Brief:
Print all the data below exactly, without images.

Excerpted records:
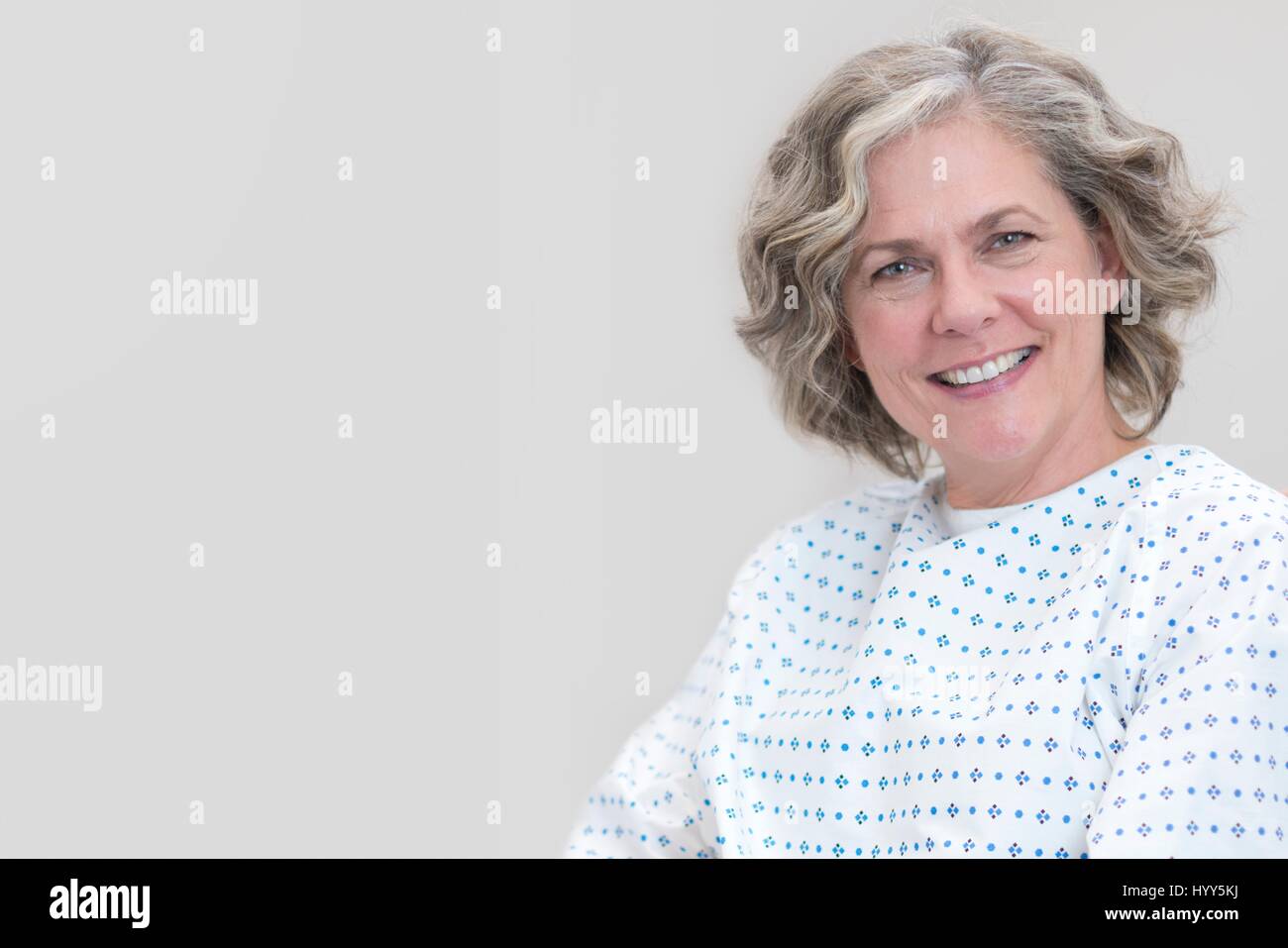 Paciente mujer sonriente hacia la cámara. Foto de stock
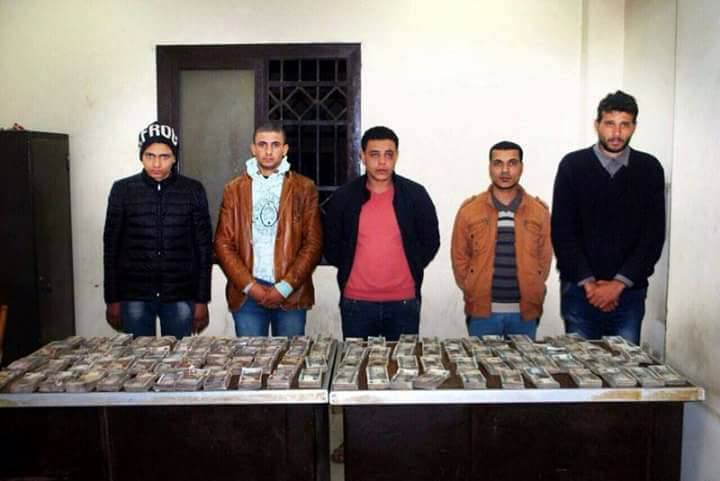 القبض علي اشخاص سرقوا 750 الف جنيها من صاحب شركة بالغربية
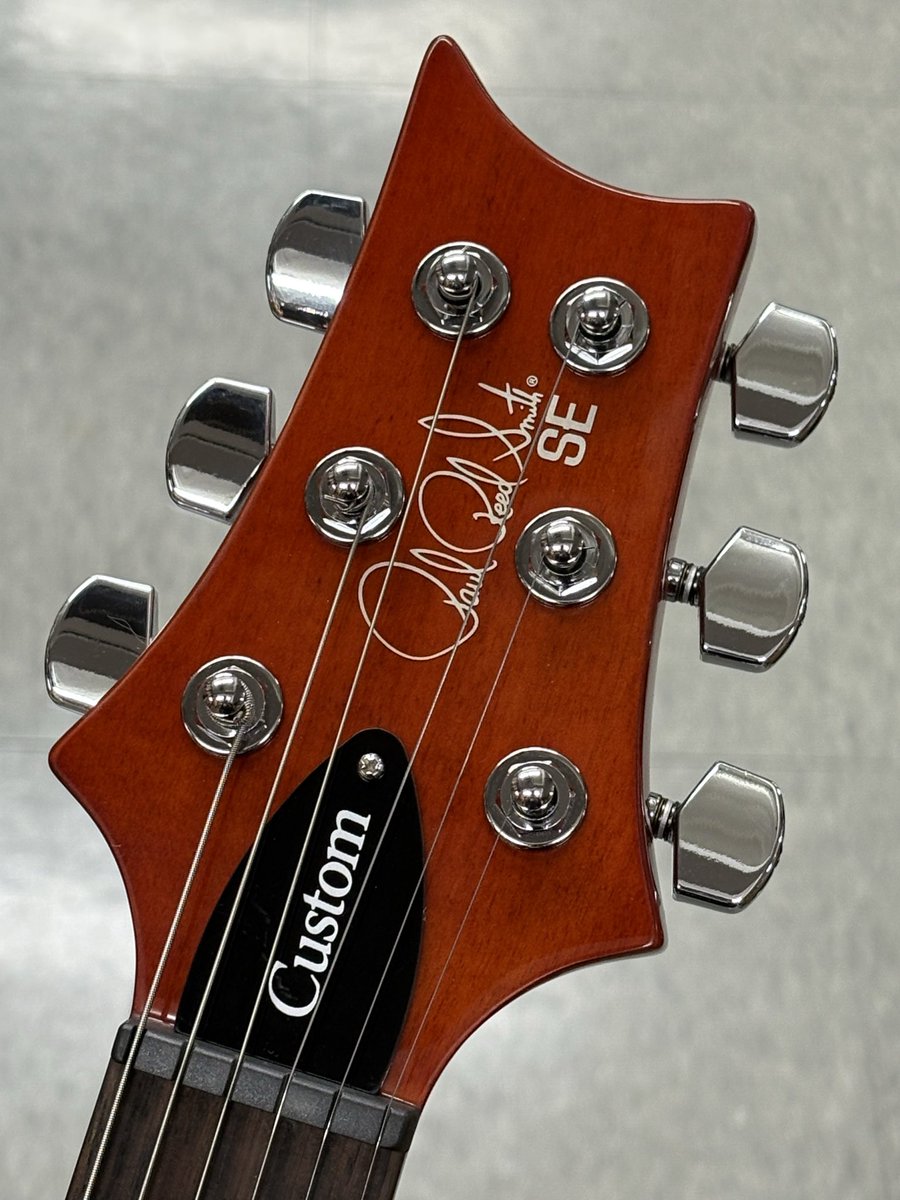 KinkoRockStore's tweet photo. 〜オススメPICKUP‼︎〜🤩
🔥 PRS SE Custom 24-08 在庫アリ! 🔥
08モデルの柔軟な配線で、多彩なサウンドメイクが可能に!ボディトップも素晴らしい杢目です!👍
PRS SE 商品ページはこちら>> https://t.co/7o2YB5rmu0
#PRS #PaulReedSmith #PRSSE https://t.co/JZUIkC8Vwu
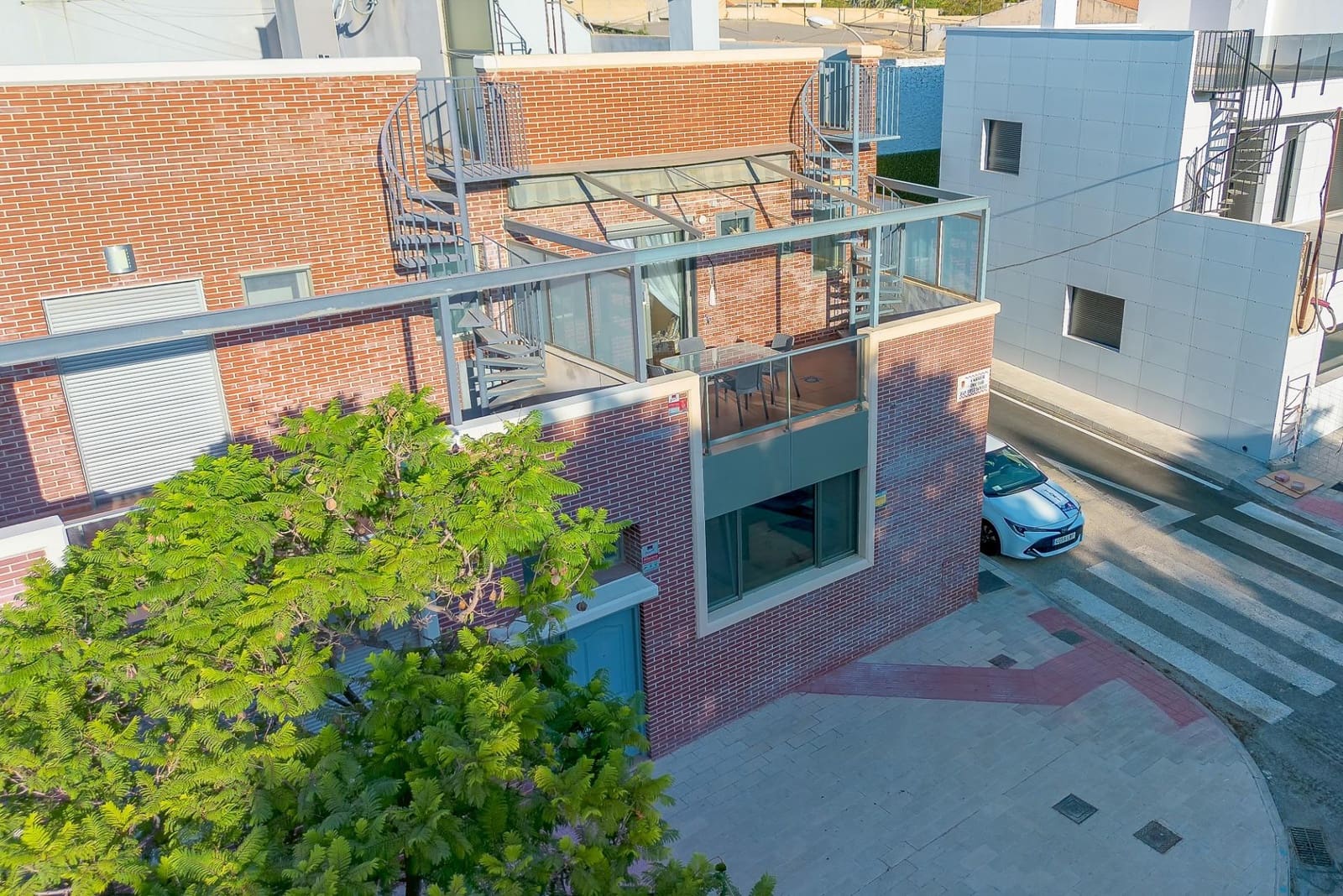 Adosado de 4 habitaciones en Alicante / Alacant ciudad en venta - 459.000 € (Ref: 9215359)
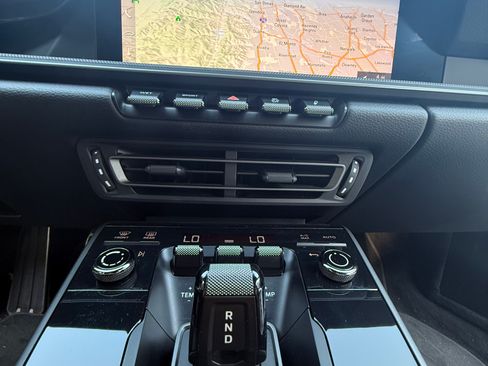 Used 2020 Porsche 911 Carrera S image 20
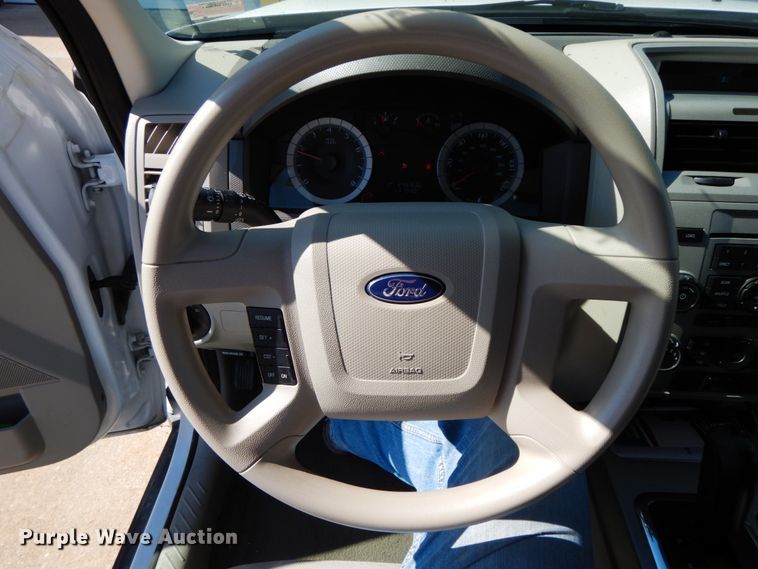 image for item HJ9744 2008 Ford Escape XLT  SUV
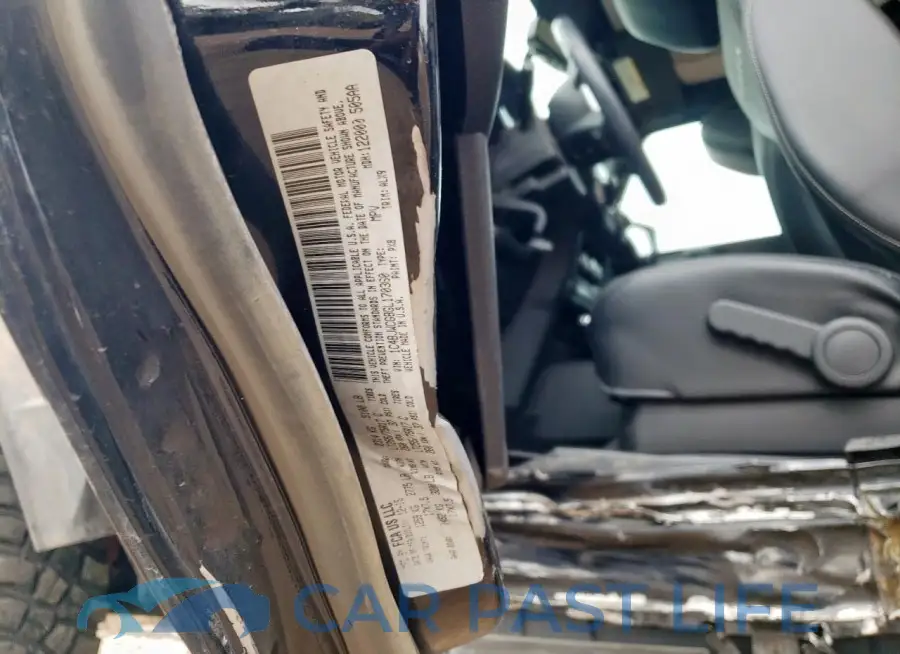 1C4BJWCG8GL170360# 12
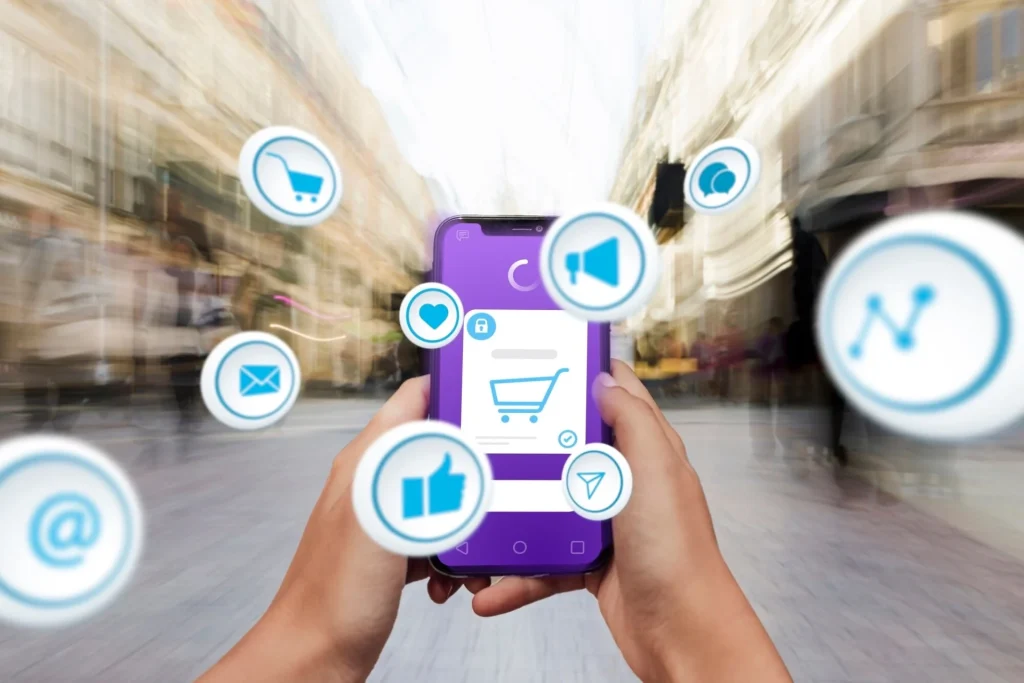 celular con iconos ecommerce y marketing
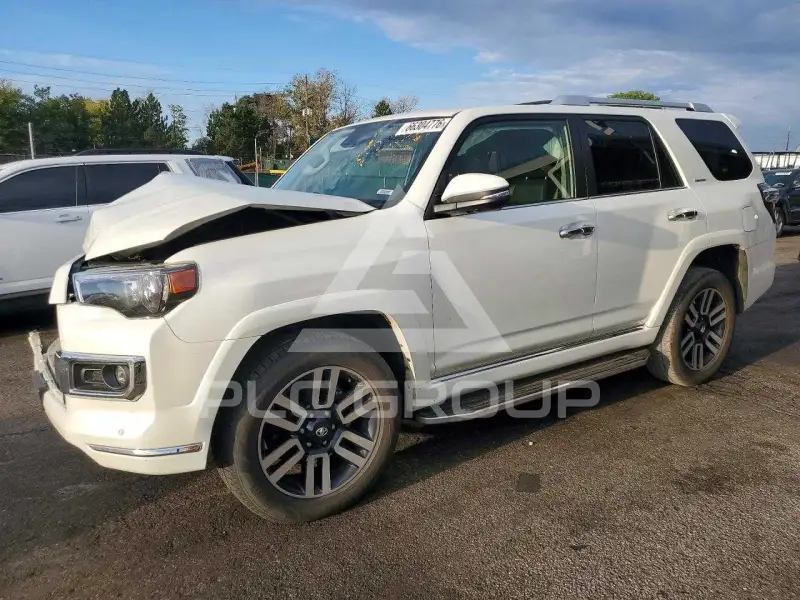 2022 Toyota 4 RUNNER photo
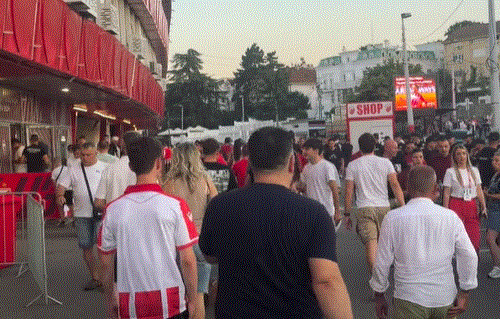 Crveno-bela invazija: Veliki broj navijača kreće se ka "Marakani" (VIDEO)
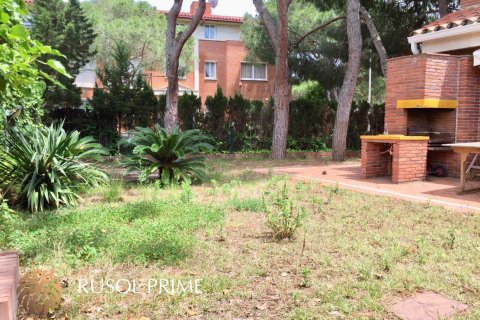 Townhouse for sale in Gava, Barcelona, Spain 3 bedrooms, 300 sq.m. No. 8988 - photo 5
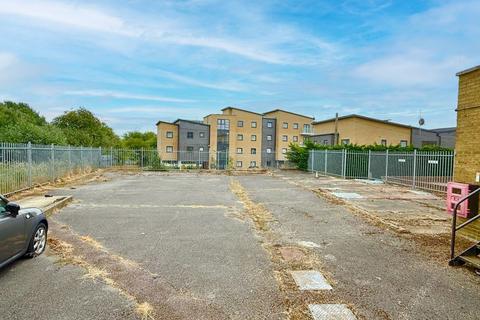 Detached house to rent, Simpson Road, Fenny Stratford MK2
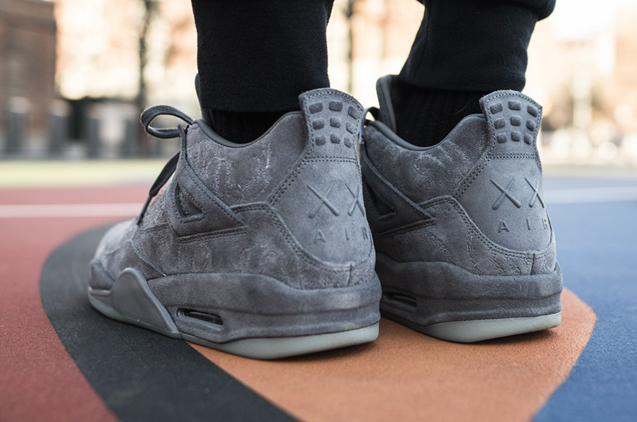 Air Jordan 4,KAWS,930155-003 谍照都说丑?这是目前最为清晰的上脚实拍 Air Jordan 4,KAWS,930155-003 谍照都说丑?这是目前最为清晰的上脚实拍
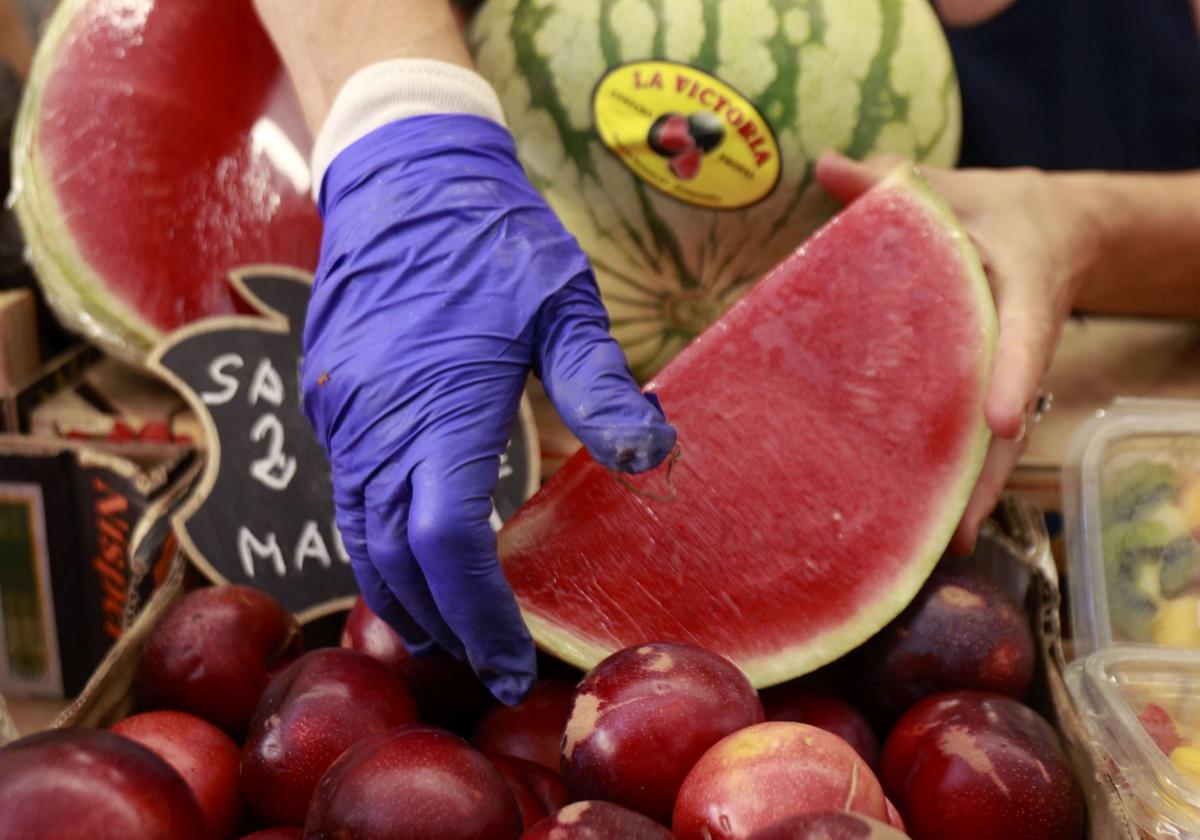 La fruta más preciada en verano, la sandía, también es la que más escasea en estos meses estivales.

Solution to the problem:
 Paciente mujer sonriente hacia la cámara. Foto de stock
 القبض علي اشخاص سرقوا 750 الف جنيها من صاحب شركة بالغربية
 KinkoRockStore's tweet photo. 〜オススメPICKUP‼︎〜🤩
🔥 PRS SE Custom 24-08 在庫アリ! 🔥
08モデルの柔軟な配線で、多彩なサウンドメイクが可能に!ボディトップも素晴らしい杢目です!👍
PRS SE 商品ページはこちら>> https://t.co/7o2YB5rmu0
#PRS #PaulReedSmith #PRSSE https://t.co/JZUIkC8Vwu
 Adosado de 4 habitaciones en Alicante / Alacant ciudad en venta - 459.000 € (Ref: 9215359)
 Used 2020 Porsche 911 Carrera S image 20
 image for item HJ9744 2008 Ford Escape XLT  SUV
 1C4BJWCG8GL170360# 12
 celular con iconos ecommerce y marketing
 2022 Toyota 4 RUNNER photo
 Crveno-bela invazija: Veliki broj navijača kreće se ka "Marakani" (VIDEO)
 Townhouse for sale in Gava, Barcelona, Spain 3 bedrooms, 300 sq.m. No. 8988 - photo 5
 Detached house to rent, Simpson Road, Fenny Stratford MK2
 Air Jordan 4,KAWS,930155-003 谍照都说丑?这是目前最为清晰的上脚实拍 Air Jordan 4,KAWS,930155-003 谍照都说丑?这是目前最为清晰的上脚实拍
 La fruta más preciada en verano, la sandía, también es la que más escasea en estos meses estivales.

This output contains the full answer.